● Collected data

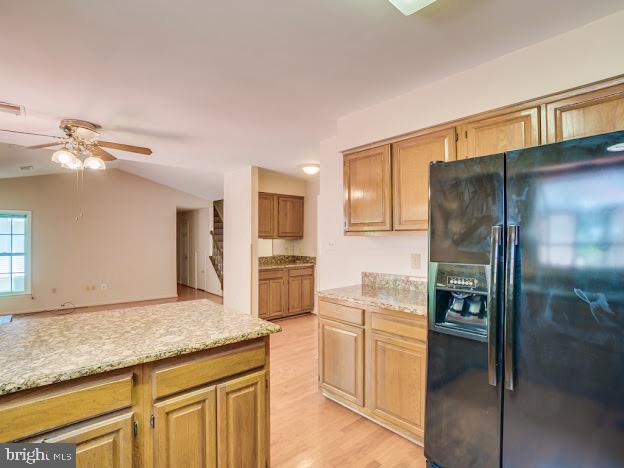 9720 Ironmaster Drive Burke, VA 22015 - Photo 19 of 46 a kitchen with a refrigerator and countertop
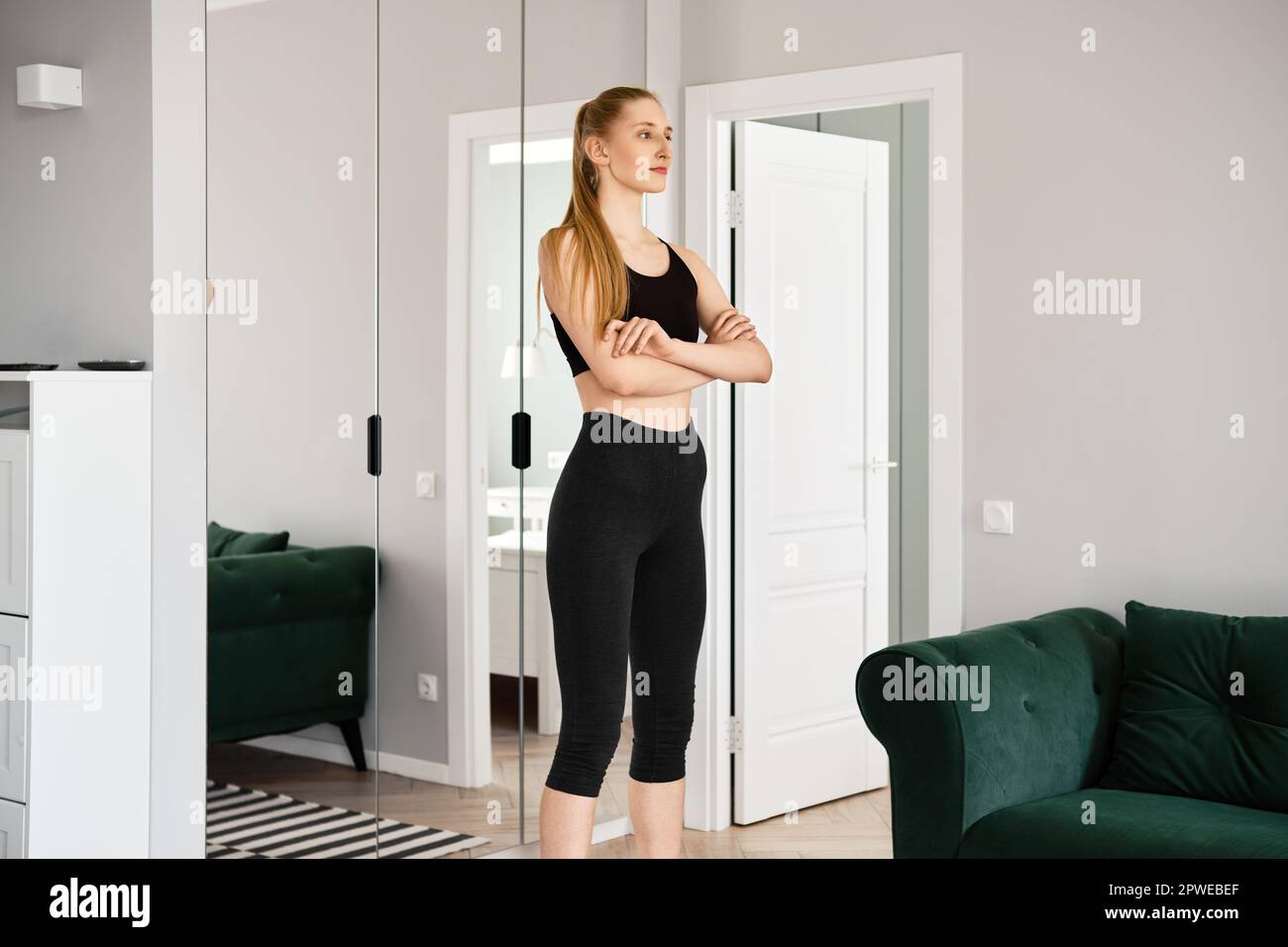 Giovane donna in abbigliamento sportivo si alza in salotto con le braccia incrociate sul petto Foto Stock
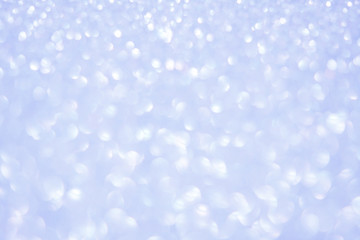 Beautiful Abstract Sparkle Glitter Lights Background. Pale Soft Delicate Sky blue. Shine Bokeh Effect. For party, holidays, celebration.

● Problem details
Every line of the listing should be copied precisely, with images omitted.

● Answer space
 9720 Ironmaster Drive Burke, VA 22015 - Photo 19 of 46 a kitchen with a refrigerator and countertop
 Giovane donna in abbigliamento sportivo si alza in salotto con le braccia incrociate sul petto Foto Stock
 Beautiful Abstract Sparkle Glitter Lights Background. Pale Soft Delicate Sky blue. Shine Bokeh Effect. For party, holidays, celebration.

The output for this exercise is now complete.